Marketers can be really freaking annoying.
“You need to build a brand.”
“You can’t only invest in the short term.”
“You have to think long term, blah blah blah.”
And yes, they’re right.
Just like I should spend 20 minutes stretching, meditate, journal, and hit the gym every morning.
Instead, I chug my coffee, drag my daughter out of bed, feed her, and remind her every 2.5 minutes that we’re going to be late.
Point being, resources like my time in the morning are limited. Trade-offs are real.
Running a business isn’t about belief. It’s about resource allocation.
Every company, no matter how big, faces the same constraint: limited time, money, and patience. But more than that, it’s about the ability to focus operational efforts toward a clear, desired outcome.

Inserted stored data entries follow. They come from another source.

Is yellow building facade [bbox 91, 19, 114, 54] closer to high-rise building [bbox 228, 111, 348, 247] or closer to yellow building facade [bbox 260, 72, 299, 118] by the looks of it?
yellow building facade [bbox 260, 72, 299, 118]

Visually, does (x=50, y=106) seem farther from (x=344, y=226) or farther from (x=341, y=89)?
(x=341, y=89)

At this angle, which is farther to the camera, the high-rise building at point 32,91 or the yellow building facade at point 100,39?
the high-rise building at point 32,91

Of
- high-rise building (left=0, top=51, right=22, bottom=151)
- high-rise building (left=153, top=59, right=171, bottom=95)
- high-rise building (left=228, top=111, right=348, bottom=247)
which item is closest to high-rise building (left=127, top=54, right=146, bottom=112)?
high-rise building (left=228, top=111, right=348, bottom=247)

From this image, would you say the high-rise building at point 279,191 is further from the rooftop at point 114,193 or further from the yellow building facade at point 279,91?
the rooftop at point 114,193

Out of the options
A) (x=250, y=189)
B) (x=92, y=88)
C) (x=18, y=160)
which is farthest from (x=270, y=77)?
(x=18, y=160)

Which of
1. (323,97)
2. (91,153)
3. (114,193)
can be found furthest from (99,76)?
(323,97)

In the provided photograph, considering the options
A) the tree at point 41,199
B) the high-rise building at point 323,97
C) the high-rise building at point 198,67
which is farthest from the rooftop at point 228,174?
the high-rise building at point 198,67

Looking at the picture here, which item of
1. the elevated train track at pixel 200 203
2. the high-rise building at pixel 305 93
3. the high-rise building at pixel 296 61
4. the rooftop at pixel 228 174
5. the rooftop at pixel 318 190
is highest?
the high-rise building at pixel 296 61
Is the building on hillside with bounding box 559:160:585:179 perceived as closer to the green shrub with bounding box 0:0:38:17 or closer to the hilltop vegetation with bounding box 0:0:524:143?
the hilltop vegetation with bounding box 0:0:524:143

You can’t fund every idea, initiative, or campaign. You have to make choices. How much to spend. What revenue you can actually drive. What margin you still have to hit. If you’re a public company, you’re boxed in by market expectations. If you’re private, maybe you have a little more freedom, but probably a lot more debt.

So are marketers wrong when they push for brand building? Absolutely not. The smart play is to balance short-term demand capture with long-term demand generation. The problem is, brand building behaves like a capital investment that you can’t depreciate like a building or a warehouse, which makes it a much harder sell to anyone who has to sign the check.

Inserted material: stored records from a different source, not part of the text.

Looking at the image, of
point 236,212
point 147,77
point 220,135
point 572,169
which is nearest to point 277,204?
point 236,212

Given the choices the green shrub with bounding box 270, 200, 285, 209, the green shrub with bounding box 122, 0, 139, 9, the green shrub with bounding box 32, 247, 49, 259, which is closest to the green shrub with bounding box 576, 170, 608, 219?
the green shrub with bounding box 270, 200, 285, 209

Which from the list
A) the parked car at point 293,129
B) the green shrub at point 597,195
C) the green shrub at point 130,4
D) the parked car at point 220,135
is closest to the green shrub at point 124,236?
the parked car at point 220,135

The next time you complain that your company doesn’t “get” brand, ask yourself a harder question: have you built enough confidence that, among all possible investments, marketing is one of the best bets for future growth?

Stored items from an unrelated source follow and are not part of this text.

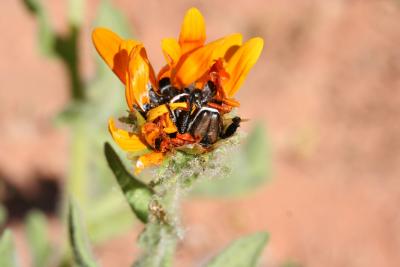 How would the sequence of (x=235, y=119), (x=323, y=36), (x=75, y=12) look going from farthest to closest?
(x=323, y=36) → (x=75, y=12) → (x=235, y=119)

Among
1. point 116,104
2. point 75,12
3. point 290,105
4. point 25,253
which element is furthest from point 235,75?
point 290,105

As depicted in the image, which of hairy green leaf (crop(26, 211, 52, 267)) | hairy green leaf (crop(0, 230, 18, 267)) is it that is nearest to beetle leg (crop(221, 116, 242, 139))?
hairy green leaf (crop(0, 230, 18, 267))

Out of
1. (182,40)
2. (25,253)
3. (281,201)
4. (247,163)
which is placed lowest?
(25,253)

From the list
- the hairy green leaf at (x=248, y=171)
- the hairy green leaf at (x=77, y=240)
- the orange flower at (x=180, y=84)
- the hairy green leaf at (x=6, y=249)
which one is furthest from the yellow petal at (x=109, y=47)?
the hairy green leaf at (x=248, y=171)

Inside every company, there’s always someone convinced the answer lies elsewhere. If sales are flat, someone will push to expand distribution or the Sales team. If growth slows, someone else will argue for a new product launch. And if margins are tight, the CFO will always suggest spending less. That’s their job. And it’s yours to show that marketing isn’t just an expense, it’s a strategic investment that compounds over time.
Long-term conviction is built on short-term credibility.
If you can prove that marketing moves the needle today, it becomes much easier to earn trust for tomorrow. That could be an incrementality test that shows a measurable lift in sales, an MMM read that validates your spend efficiency, customer feedback during a sales call that credits your campaign for awareness, or even a correlation between marketing and deal velocity in B2B.
None of these are silver bullets, but each creates a breadcrumb trail of proof. Evidence that marketing works not just in theory, but in practice.
The truth is, marketing doesn’t need blind faith. It needs confidence that compounds. Every short-term proof point makes the next long-term investment a little easier to justify. Every earned win builds trust in the next experiment. Over time, that trust grows stronger and more valuable, much like brand equity itself.
Because in the end, brand building isn’t a leap of faith. It’s a test of conviction, made harder by the reality that time, money, and focus are always in short supply.